- **Problem to solve**:
What is needed is an exact copy of the lines from the one containing "Jack and Jones" through the last line of the records, with no pictures.

###

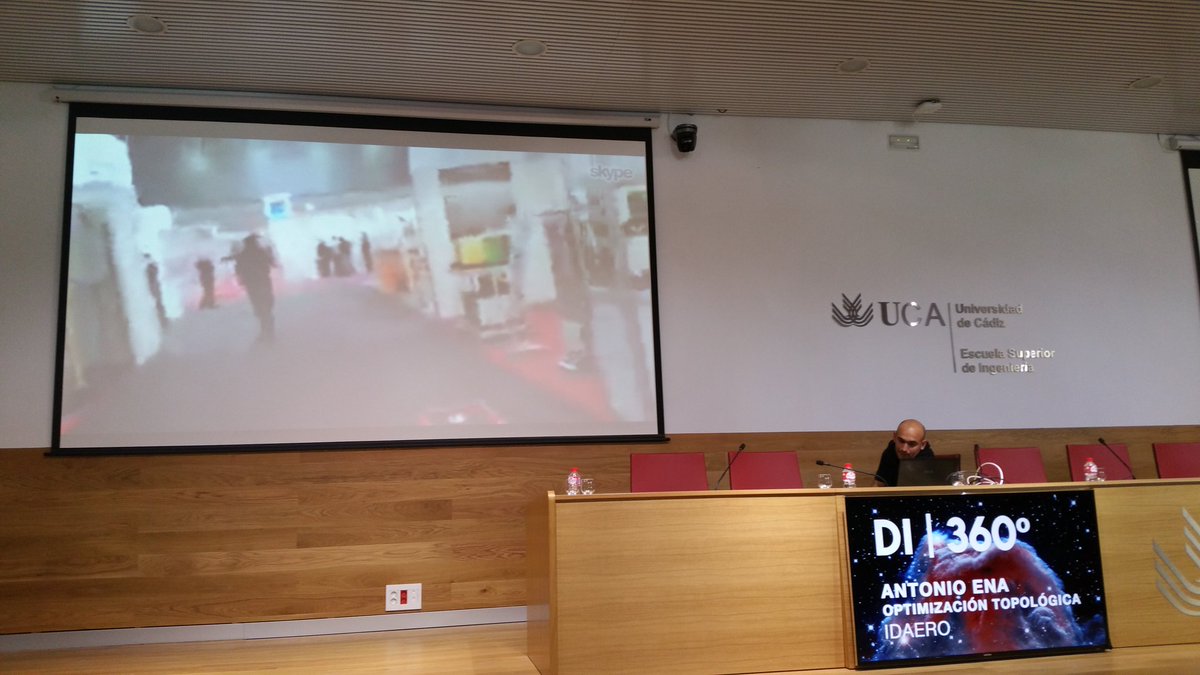 juan_ant_molina's tweet photo. #DI360 en directo con @IdaeroSL conociendo las novedades d #fabricacion aditiva en la @BEC_BIEMH  para #diseñadores https://t.co/KiFRzj9DKg
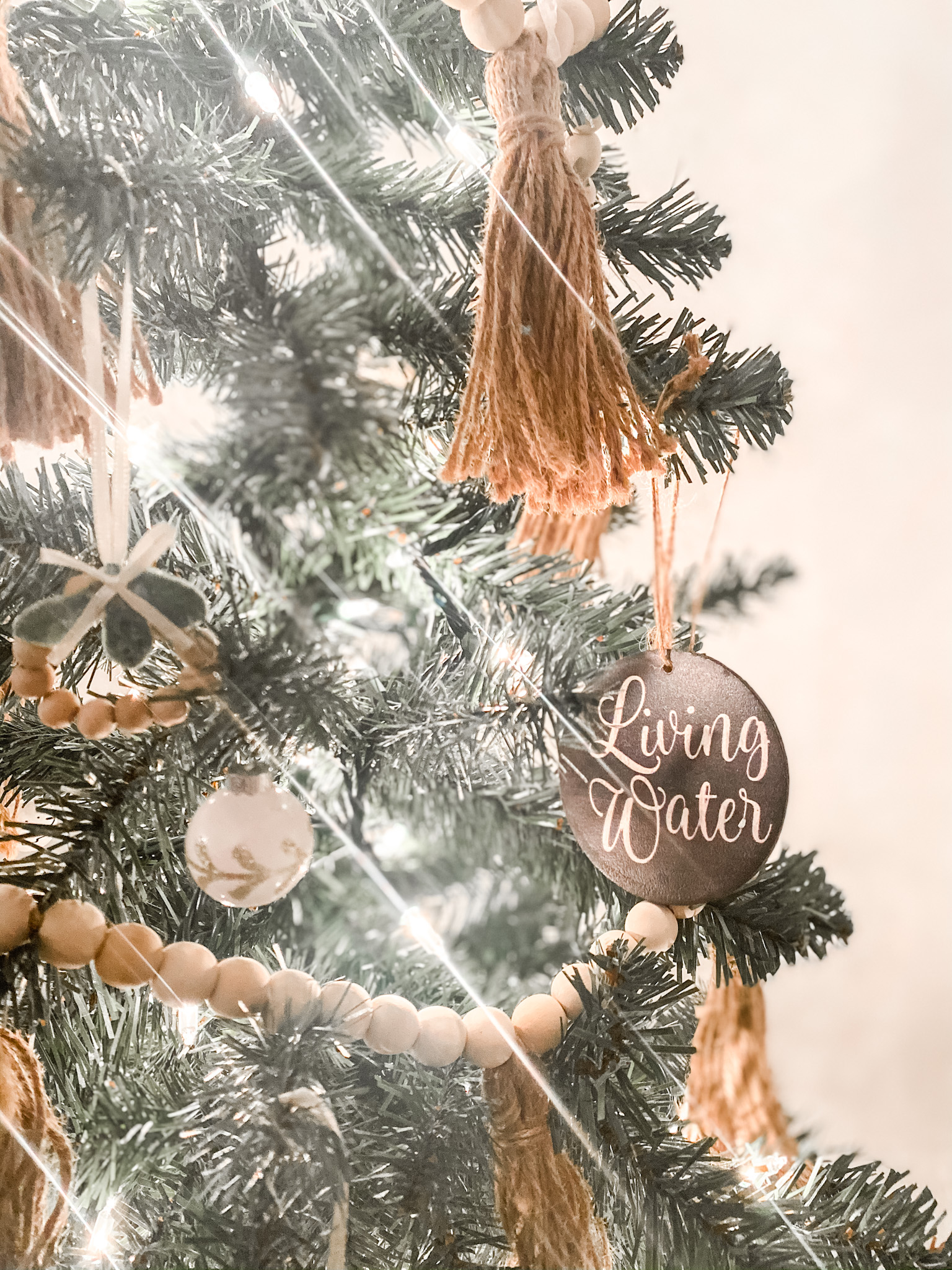Neutral Rustic Christmas Decor Budget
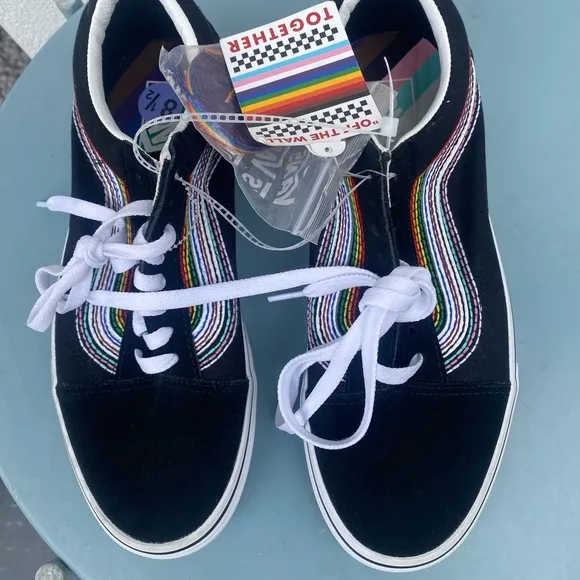NWT Unisex Vans Off The Wall Pride Shoes (8.5 M / 10 W)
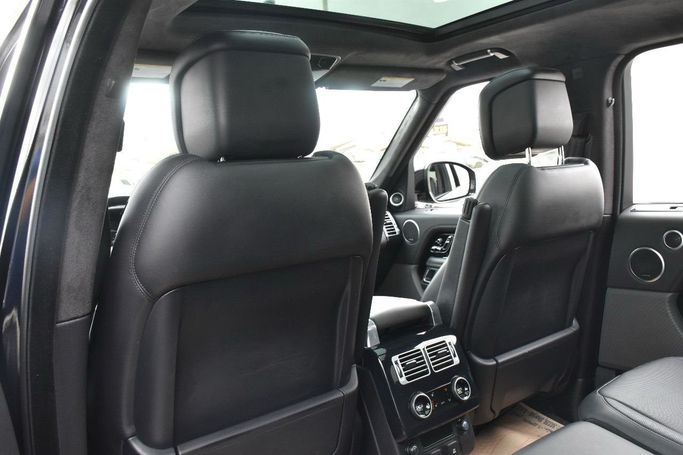 Подержанный Land Rover Range Rover D260 IV Рестайлинг, 3.0 л, 2019 в Шардже от Alfaris Used Cars Черный цвет.  | AUTO.AE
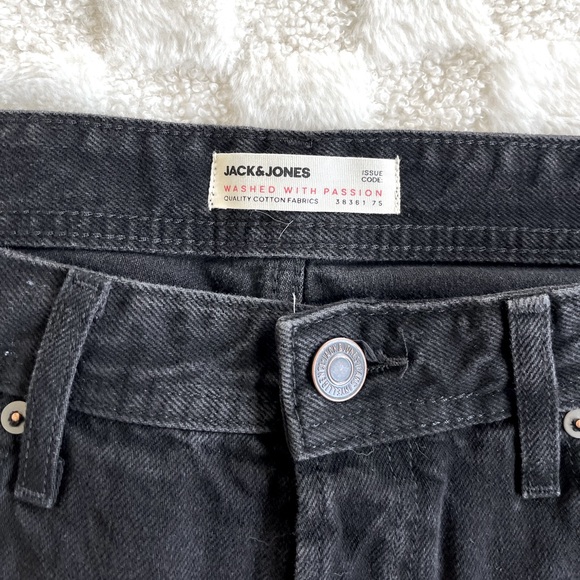 Jack and Jones black denim shorts - Picture 2 of 3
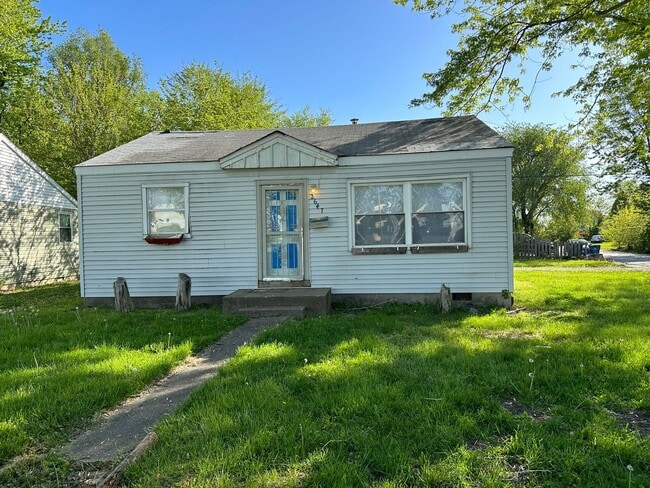 Building Photo - 2 bed 1 bath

###

- **Output for this task**:
 Jack and Jones black denim shorts - Picture 2 of 3
 Building Photo - 2 bed 1 bath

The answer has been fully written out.